** Work order **
An exact transcription of all the entries is needed; pictures stay out.

(Stored items)
=== Begin Enclosure ===

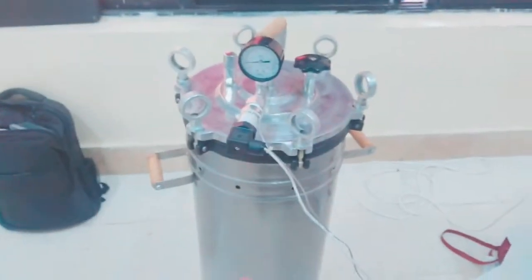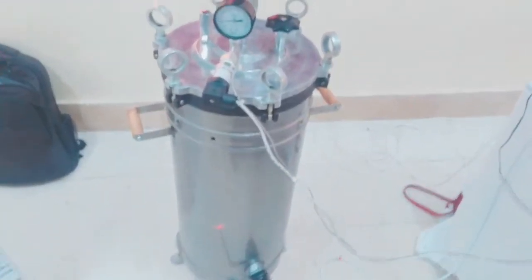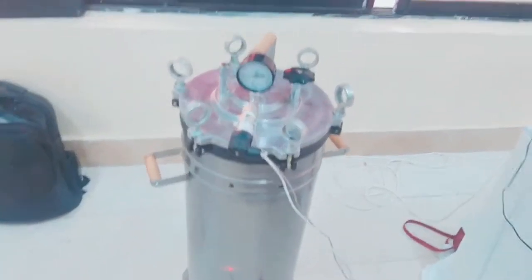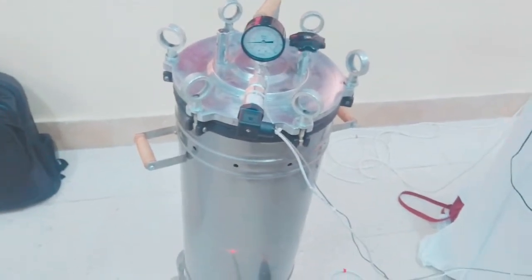How does this work? It has to clean your surgical instruments at a specific temperature and pressure. Any instrument that is surgical requires a special temperature, heat, and steam to be sterilized.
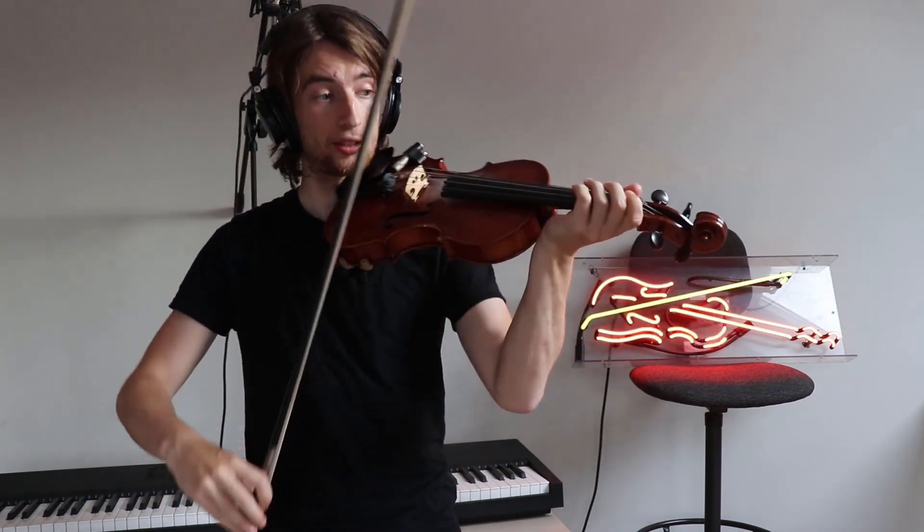My three tips for Ragtime Annie. The first is that you'll notice throughout this piece there's a lot of chromatic alterations, and I would suggest that to fit in with this Ragtime feel you want to be using a little glissando between each of the notes, or slides, in order to achieve that Ragtime effect.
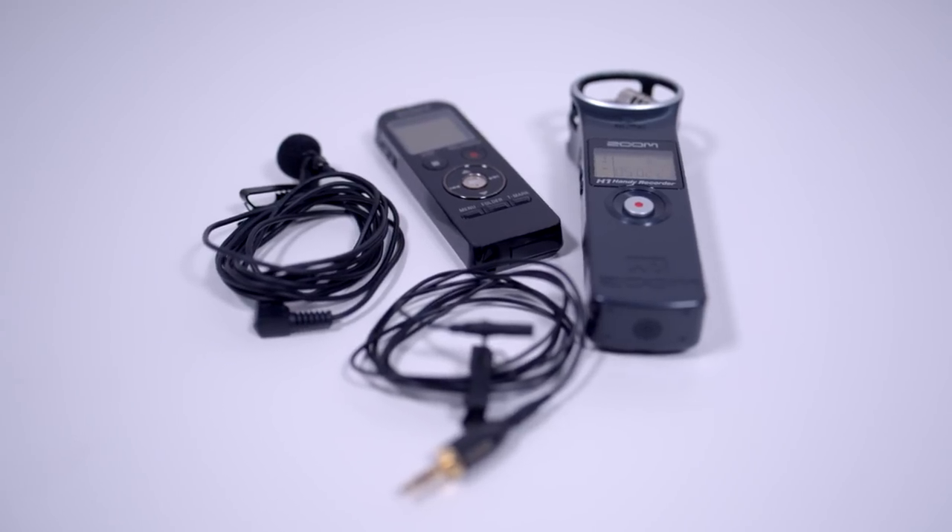Now if this microphone was a little bit further away on top of the camera, it wouldn't sound quite as good. One of the really important factors with audio quality is the proximity to the source, which is why I've placed this microphone closer to my mouth. For that reason, lavalier microphones are a great solution to that issue, simply because you can clip them extremely close to the source.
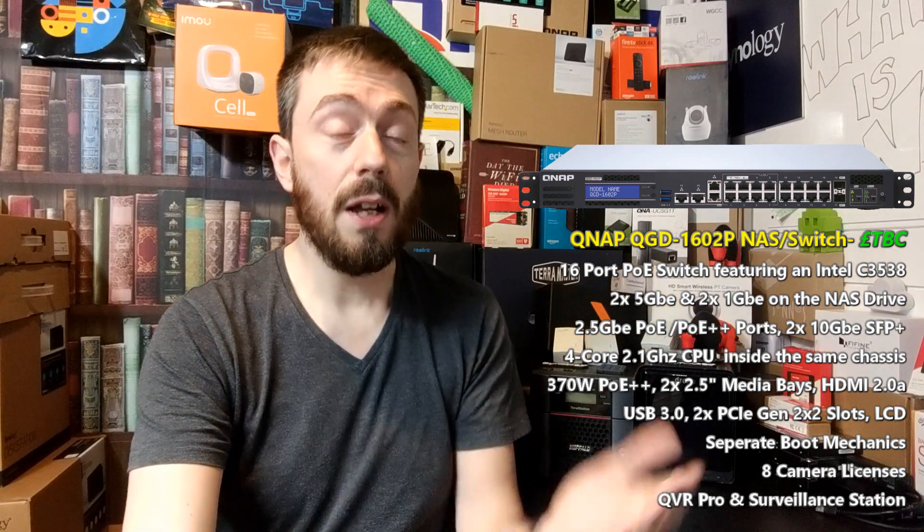It's worth highlighting that this device arrives, just like the Guardian, with two 2.5-inch SATA ports at the rear and a PCIe slot. At the moment there's a little ambiguity about whether it arrives with M.2 support via a PCIe card, or whether that PCIe card slot will be empty and give you the ability to add that functionality yourself.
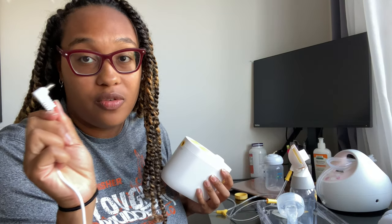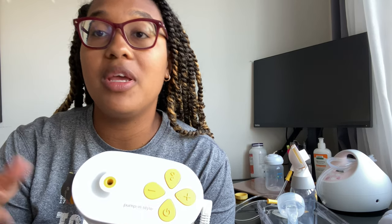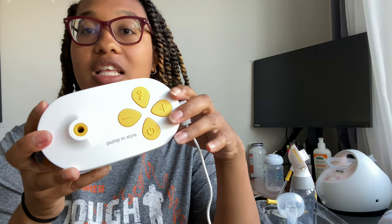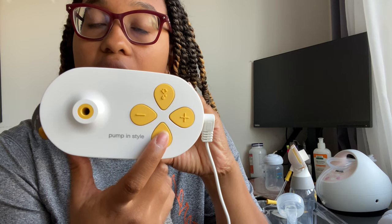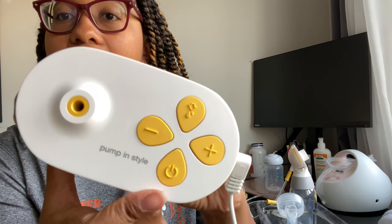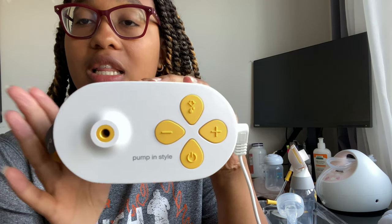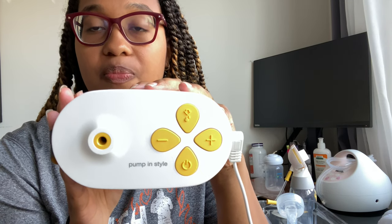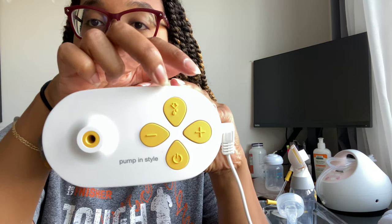With the Medela Pump in Style, this is what it sounds like. I'm going to use the Spectra port on this just to give it power to show you. You press your power button and it starts automatically in letdown mode. So that's what your letdown sounds like. It typically stays in this mode for two minutes, then automatically transitions over into expression. But if you see your milk starts flowing already and you want to move over, you just hit this button here and you hear the difference.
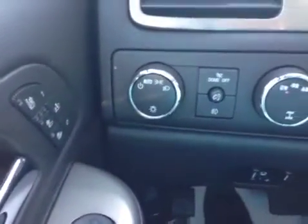On the interior of this 2013 Silverado you'll see that it's loaded with features. You have power mirrors, power windows, heated and cooled seats, auto headlights, and fog lights.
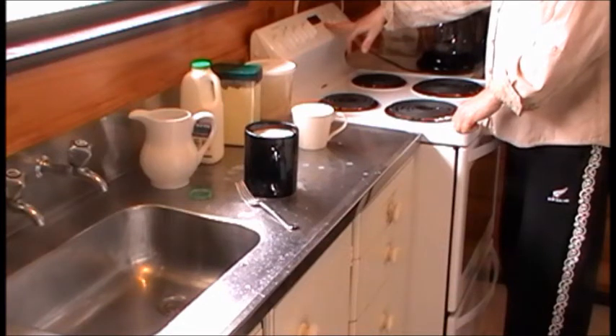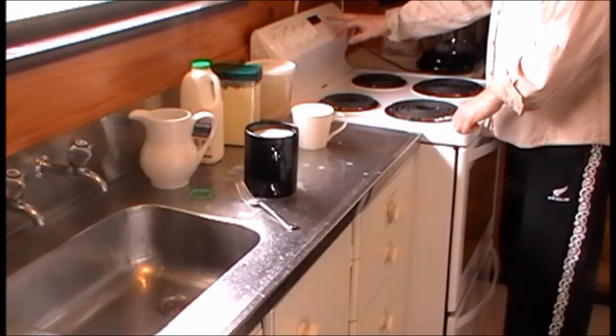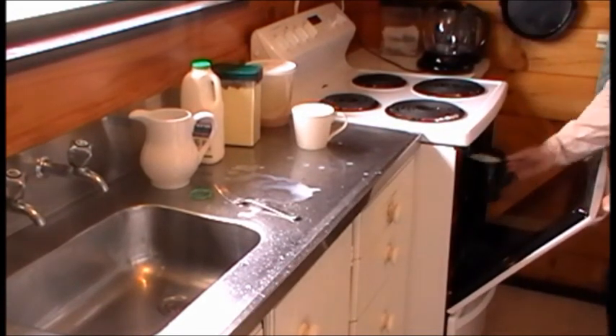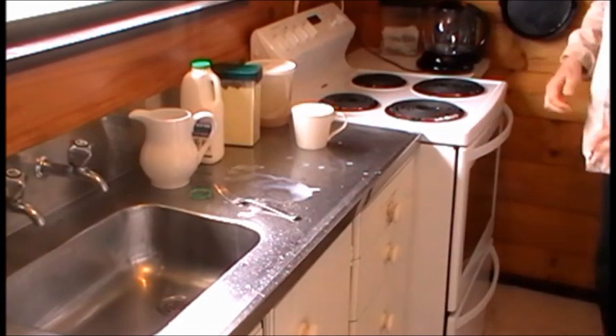And I'll just set the timer to 6 hours. Then it's just a matter of leaving it to do its thing for 6 hours or so — and there we go.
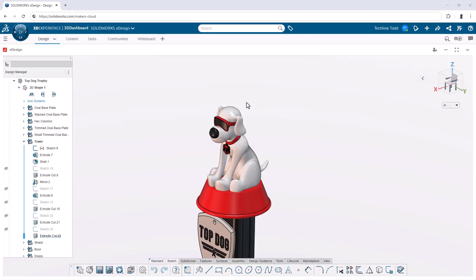Well hello again Jason, how you doing? Good, good. Listen, did you get a chance yet to finish all those tweaks that you had in mind for the trophy topper? I did. You know what, I couldn't help myself — I just kept tweaking the subdivision and I got to a place I really like, so check it out.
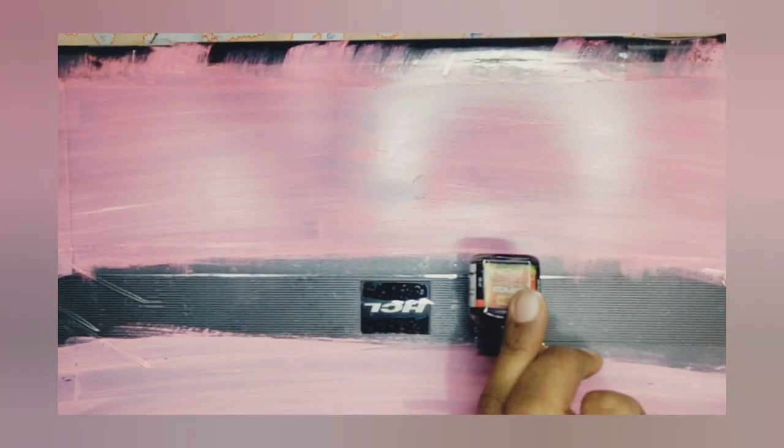Now let the background dry completely. After our background is dried completely, we will take black acrylic color for creating the base for the sunflowers.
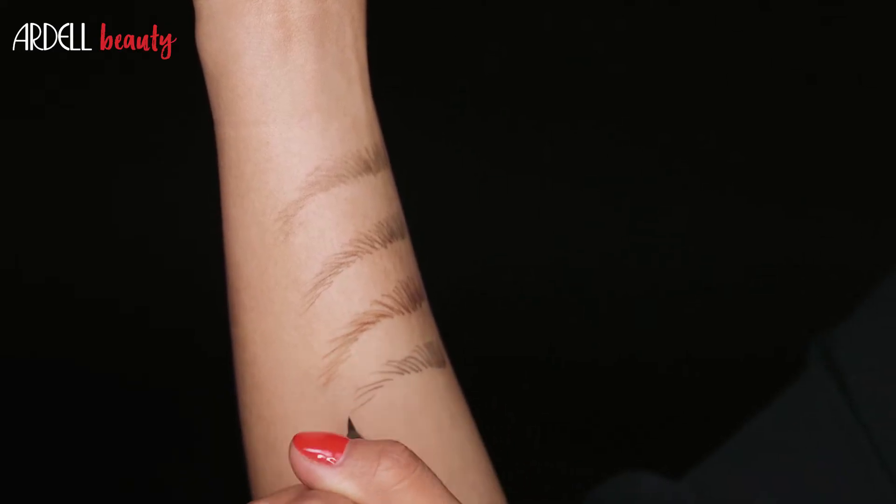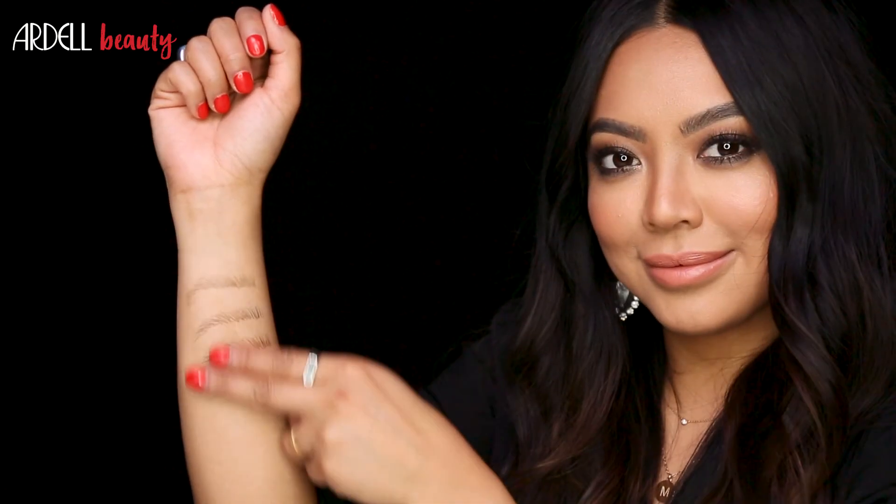Its waterproof, long-wear, and smudge-proof formula provides all-day wear.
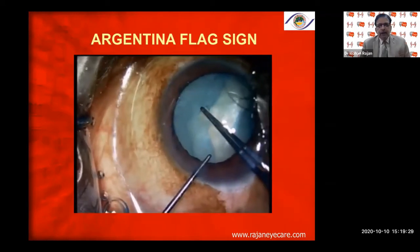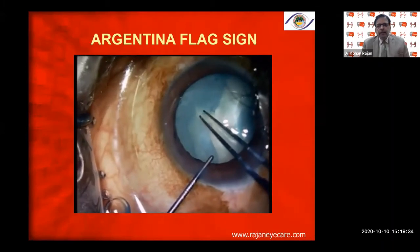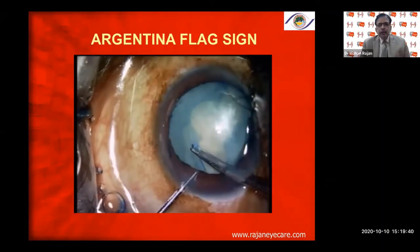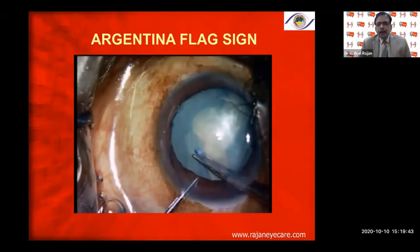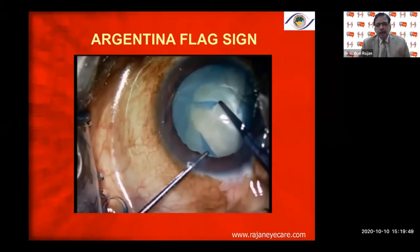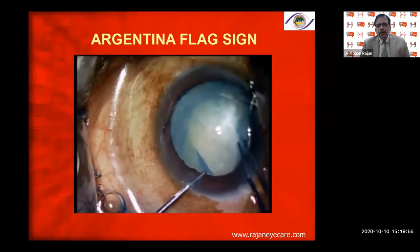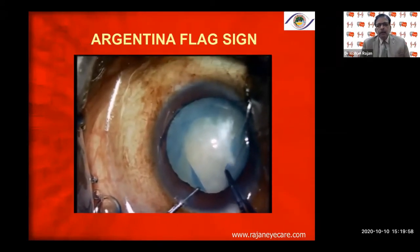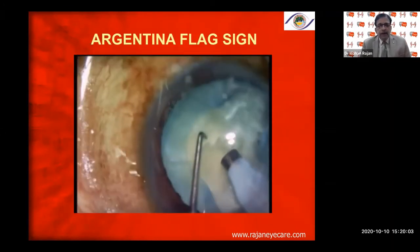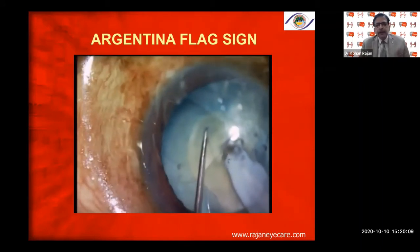In a fairly Grade 2 cataract, I complete the capsular rhexis by making a semi-circular rhexis on one side, making sure there are no flaps, then completing a semi-circular rhexis on the other side. So we have two semi-circular rhexis with two tears — one at six o'clock and another at twelve o'clock. The twelve o'clock tear is not very dangerous, but six o'clock is very dangerous.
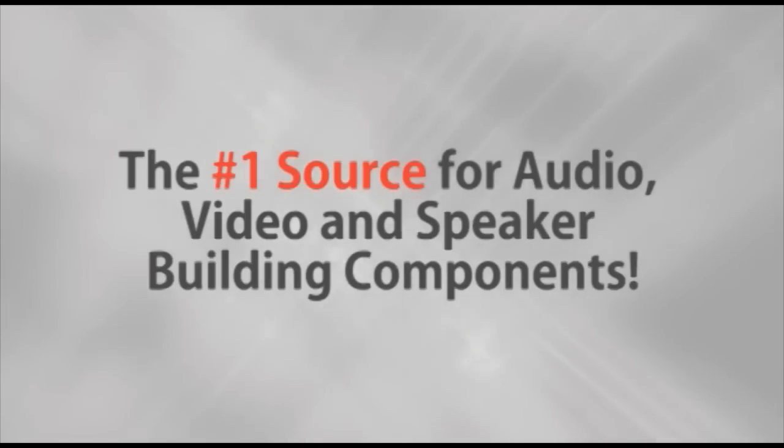Parts Express, the number one source for audio, video, and speaker building components. Hi, my name is Mike Vandenbroek. I'm with Parts Express. Today we're in the speaker testing lab and we're talking about subwoofer plate amplifiers.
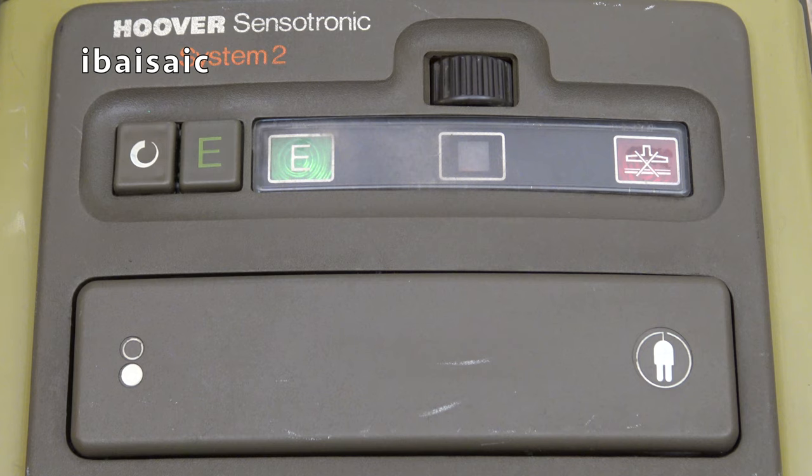Here's the control panel of the Hoover Sensotronic System 2. This differs from the System 1 I showed on my channel a while ago. It has a more powerful 1000-watt motor as opposed to the 900-watt motor of System 1. All System 1 had was the performance indicator — the red light that indicated when there was a blockage or the bag was full. But with System 2 we get deluxe features including an economy setting and variable electronic speed control. This is an 80s vac — it wasn't until the second generation Sensotronic that Hoover went completely mad and put loads of little lights on the machines.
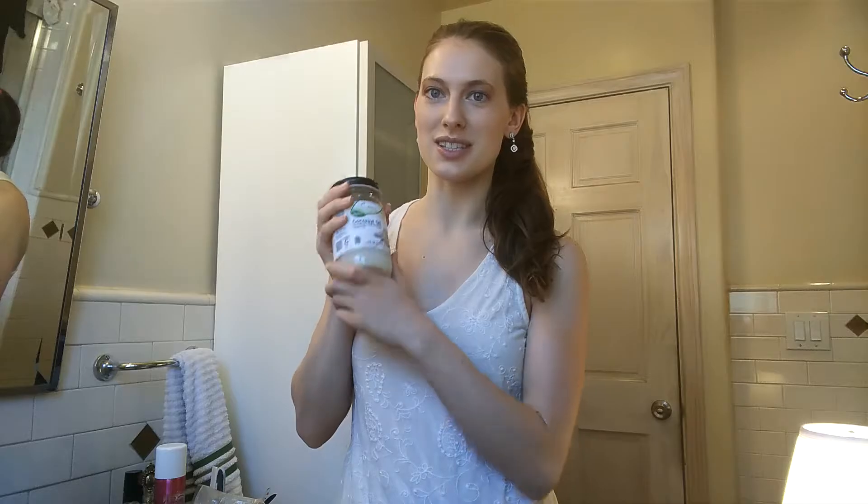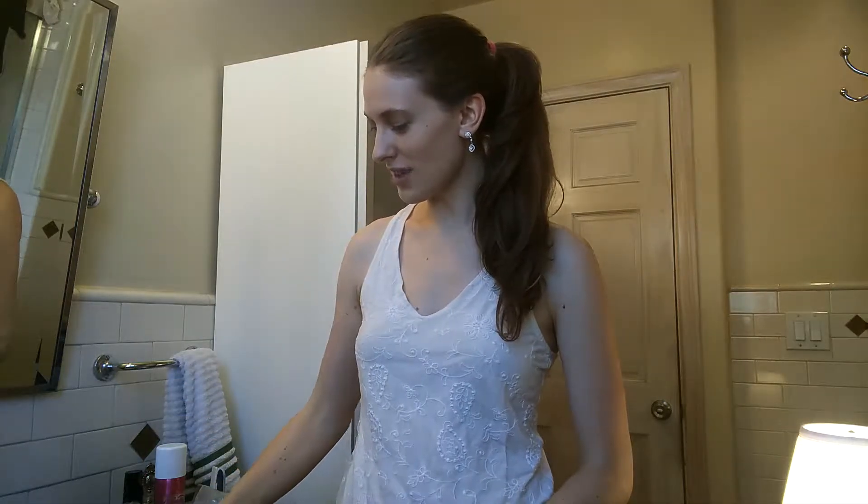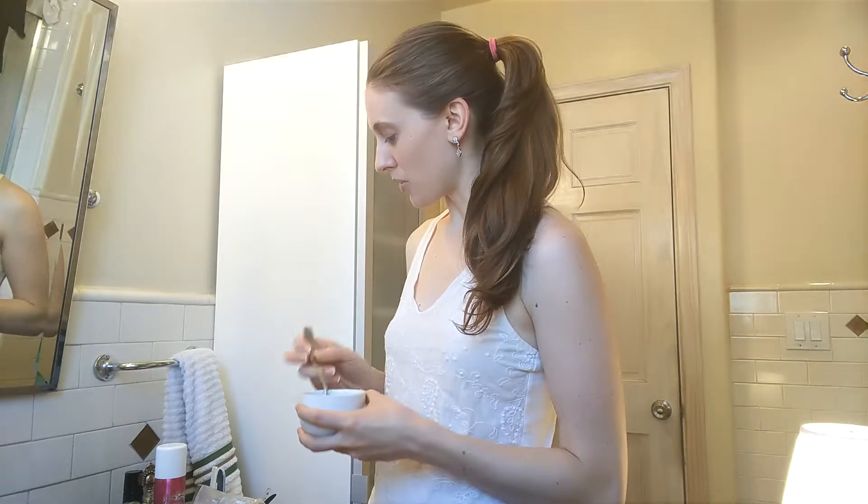Baking soda and coconut oil — I talk a lot about coconut oil because it's so amazing. However much baking soda you put in, you want to put one less tablespoon of coconut oil. Coconut oil is very hydrating and baking soda is very drying, so they really balance each other out. Especially this time of year when it's hot, the coconut oil is completely liquid.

=== End Enclosure ===

** Solved problem **
How does this work? It has to clean your surgical instruments at a specific temperature and pressure. Any instrument that is surgical requires a special temperature, heat, and steam to be sterilized.
My three tips for Ragtime Annie. The first is that you'll notice throughout this piece there's a lot of chromatic alterations, and I would suggest that to fit in with this Ragtime feel you want to be using a little glissando between each of the notes, or slides, in order to achieve that Ragtime effect.
Now if this microphone was a little bit further away on top of the camera, it wouldn't sound quite as good. One of the really important factors with audio quality is the proximity to the source, which is why I've placed this microphone closer to my mouth. For that reason, lavalier microphones are a great solution to that issue, simply because you can clip them extremely close to the source.
It's worth highlighting that this device arrives, just like the Guardian, with two 2.5-inch SATA ports at the rear and a PCIe slot. At the moment there's a little ambiguity about whether it arrives with M.2 support via a PCIe card, or whether that PCIe card slot will be empty and give you the ability to add that functionality yourself.
With the Medela Pump in Style, this is what it sounds like. I'm going to use the Spectra port on this just to give it power to show you. You press your power button and it starts automatically in letdown mode. So that's what your letdown sounds like. It typically stays in this mode for two minutes, then automatically transitions over into expression. But if you see your milk starts flowing already and you want to move over, you just hit this button here and you hear the difference.
On the interior of this 2013 Silverado you'll see that it's loaded with features. You have power mirrors, power windows, heated and cooled seats, auto headlights, and fog lights.
And I'll just set the timer to 6 hours. Then it's just a matter of leaving it to do its thing for 6 hours or so — and there we go.
Well hello again Jason, how you doing? Good, good. Listen, did you get a chance yet to finish all those tweaks that you had in mind for the trophy topper? I did. You know what, I couldn't help myself — I just kept tweaking the subdivision and I got to a place I really like, so check it out.
Now let the background dry completely. After our background is dried completely, we will take black acrylic color for creating the base for the sunflowers.
Its waterproof, long-wear, and smudge-proof formula provides all-day wear.
In a fairly Grade 2 cataract, I complete the capsular rhexis by making a semi-circular rhexis on one side, making sure there are no flaps, then completing a semi-circular rhexis on the other side. So we have two semi-circular rhexis with two tears — one at six o'clock and another at twelve o'clock. The twelve o'clock tear is not very dangerous, but six o'clock is very dangerous.
Parts Express, the number one source for audio, video, and speaker building components. Hi, my name is Mike Vandenbroek. I'm with Parts Express. Today we're in the speaker testing lab and we're talking about subwoofer plate amplifiers.
Here's the control panel of the Hoover Sensotronic System 2. This differs from the System 1 I showed on my channel a while ago. It has a more powerful 1000-watt motor as opposed to the 900-watt motor of System 1. All System 1 had was the performance indicator — the red light that indicated when there was a blockage or the bag was full. But with System 2 we get deluxe features including an economy setting and variable electronic speed control. This is an 80s vac — it wasn't until the second generation Sensotronic that Hoover went completely mad and put loads of little lights on the machines.
Baking soda and coconut oil — I talk a lot about coconut oil because it's so amazing. However much baking soda you put in, you want to put one less tablespoon of coconut oil. Coconut oil is very hydrating and baking soda is very drying, so they really balance each other out. Especially this time of year when it's hot, the coconut oil is completely liquid.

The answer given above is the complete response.